The Buenos Aires–based Banco de Boston Foundation (now Standard Bank Foundation) published in 1999 “Nicolás Cócaro, periodista” (“Nicolas Cocaro, Journalist”), which was co-authored with Silvia Vernengo Prack.

He is working on a book with interviews and commentaries by the personalities whom he has interviewed (Borges, Miguel Angel Asturias, Mika Waltari, Evtushenko, Artur Lundkvist, Édith Piaf, Jean Lartéguy, among others), as well as reproducing what he published in the daily newspaper La Nación of Buenos Aires, Argentina, La Mañana of Montevideo, Uruguay, and various news media. The book will be an anthology of tales and stories.

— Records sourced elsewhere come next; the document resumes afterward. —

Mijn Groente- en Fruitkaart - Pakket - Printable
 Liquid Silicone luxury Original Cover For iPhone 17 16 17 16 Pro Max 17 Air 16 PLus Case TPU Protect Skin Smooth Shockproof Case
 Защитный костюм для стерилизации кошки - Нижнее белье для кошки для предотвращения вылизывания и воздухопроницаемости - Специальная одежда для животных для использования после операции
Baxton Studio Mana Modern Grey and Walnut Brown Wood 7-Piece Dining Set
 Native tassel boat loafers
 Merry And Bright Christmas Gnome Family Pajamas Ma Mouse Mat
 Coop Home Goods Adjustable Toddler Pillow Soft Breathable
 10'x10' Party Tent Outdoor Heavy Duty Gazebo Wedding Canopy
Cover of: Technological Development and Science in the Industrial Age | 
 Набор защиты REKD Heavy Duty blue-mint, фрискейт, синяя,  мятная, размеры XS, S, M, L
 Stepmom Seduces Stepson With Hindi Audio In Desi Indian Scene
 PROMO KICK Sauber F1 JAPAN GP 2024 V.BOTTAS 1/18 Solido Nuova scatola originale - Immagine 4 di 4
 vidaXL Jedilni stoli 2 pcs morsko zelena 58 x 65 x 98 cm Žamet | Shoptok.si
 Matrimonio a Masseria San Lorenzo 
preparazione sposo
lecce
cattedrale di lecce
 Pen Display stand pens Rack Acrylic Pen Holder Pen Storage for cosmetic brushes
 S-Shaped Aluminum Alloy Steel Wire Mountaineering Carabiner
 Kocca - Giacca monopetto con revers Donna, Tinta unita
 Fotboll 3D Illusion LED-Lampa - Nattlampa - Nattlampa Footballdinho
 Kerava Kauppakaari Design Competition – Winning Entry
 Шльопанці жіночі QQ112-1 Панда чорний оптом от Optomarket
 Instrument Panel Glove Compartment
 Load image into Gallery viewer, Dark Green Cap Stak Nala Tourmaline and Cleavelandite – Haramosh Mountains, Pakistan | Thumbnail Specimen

ADEPA (Asociación de Empresas Periodísticas Argentinas - Association of Journalistic Enterprises of Argentina), in 1964 awarded him Second Place in the National Prize for Journalism for his column “El Vía Crucis del Trámite” (The Via Crucis of Bureaucracy) published by the daily La Nación de Buenos Aires, Argentina. He has also won recognition for his dedication and devotion to promoting the well being of the community through journalism, through awards by various Argentine and international institutions.